Northern European Masters
Within Northern Europe, many of the artists labelled ‘Old Master’ came from the Dutch Golden Age, a period of unprecedented prosperity and productivity within the creative arts during the eighteenth century. Rembrandt produced paintings, drawings and prints that captured with brutal honesty the depth and range of human emotion, while Johannes Vermeer’s exquisitely detailed, immaculate paintings are still among the world’s most prized and revered in the history of art, including Christ in the House of Martha and Mary, about 1654-56. Extraordinary Northern European Masters from beyond the Netherlands include Flemish painters Peter Paul Rubens and Jan van Eyck, and German artists Hans Holbein the Younger and Albrecht Durer, artists who brought startling levels of naturalism, light and space into their art.
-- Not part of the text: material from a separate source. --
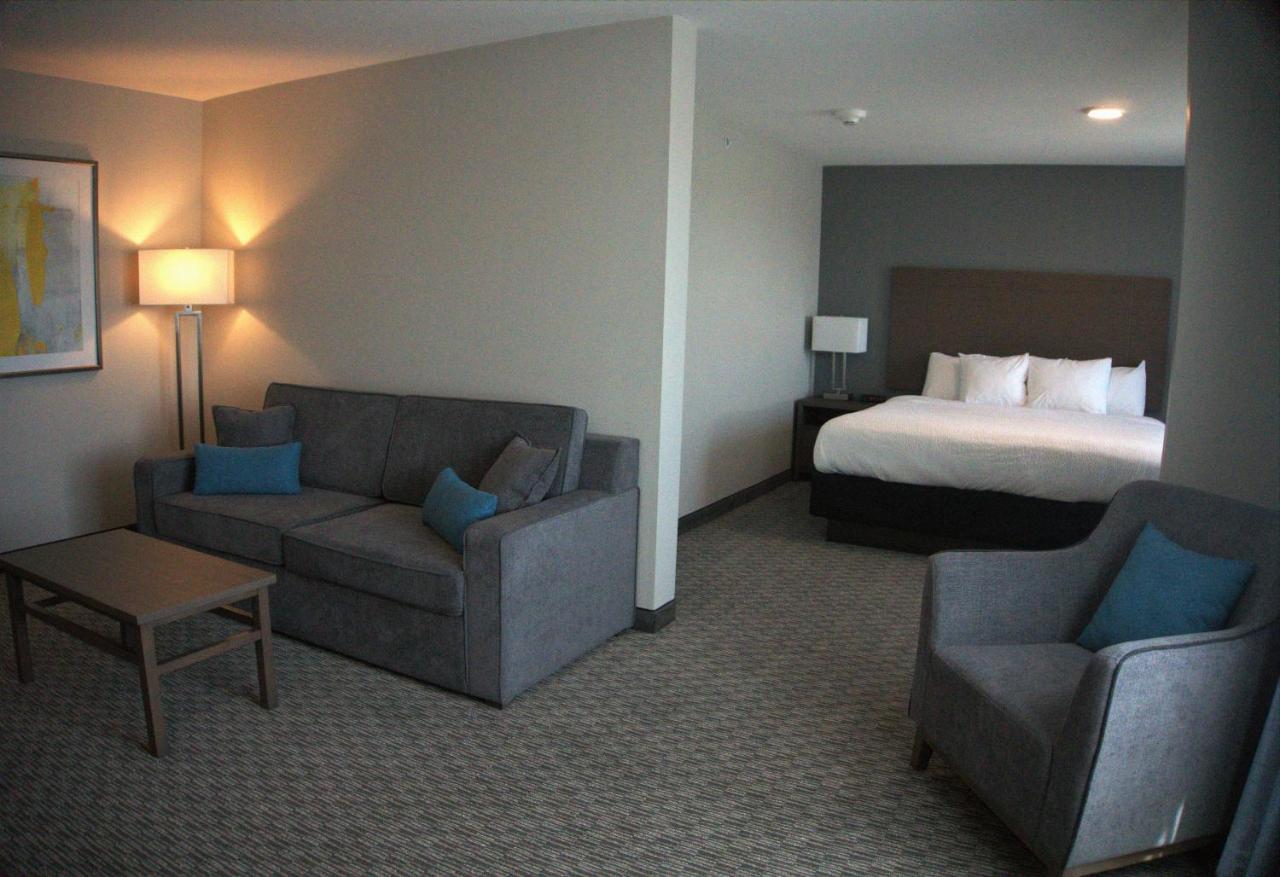 Brookstone Inn & Suites Fort Dodge Luaran gambar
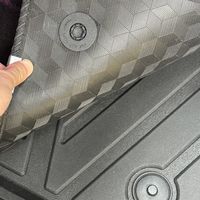 选脚垫看工艺，飞艇航天级 TPE 抗污脚垫给小米 SU7 更稳的品质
In the 1980s feminist art historians including Grizelda Pollock and Rozita Parker questioned the male-centric bias of the term ‘Old Master’, suggesting a more inclusive language was needed for a wider understanding of art history’s rich complexity. In Old Mistresses: Women, Art and Ideology, 1981, they argue, '…there is not a female equivalent to the reverential ‘Old Master.' In recent years art establishments have worked towards redressing this gender inequality by bringing female artists from the broad ranging ‘Old Master’ period out into the limelight. In January 2019, for example, Sotheby’s organised The Female Triumphant, a week of auctions selling work by prominent female artists who had found great success in their day, but had been largely ignored by art historians, including Elisabeth-Louise Vigee Le Brun, Fede Galizia, Michaelina Wautier and Elizabeth Gardner. Other female voices to be rediscovered and celebrated include Dutch painter Rachel Ruysch and Italian Baroque painters Artemisia Gentileschi or Elisabetta Sirani.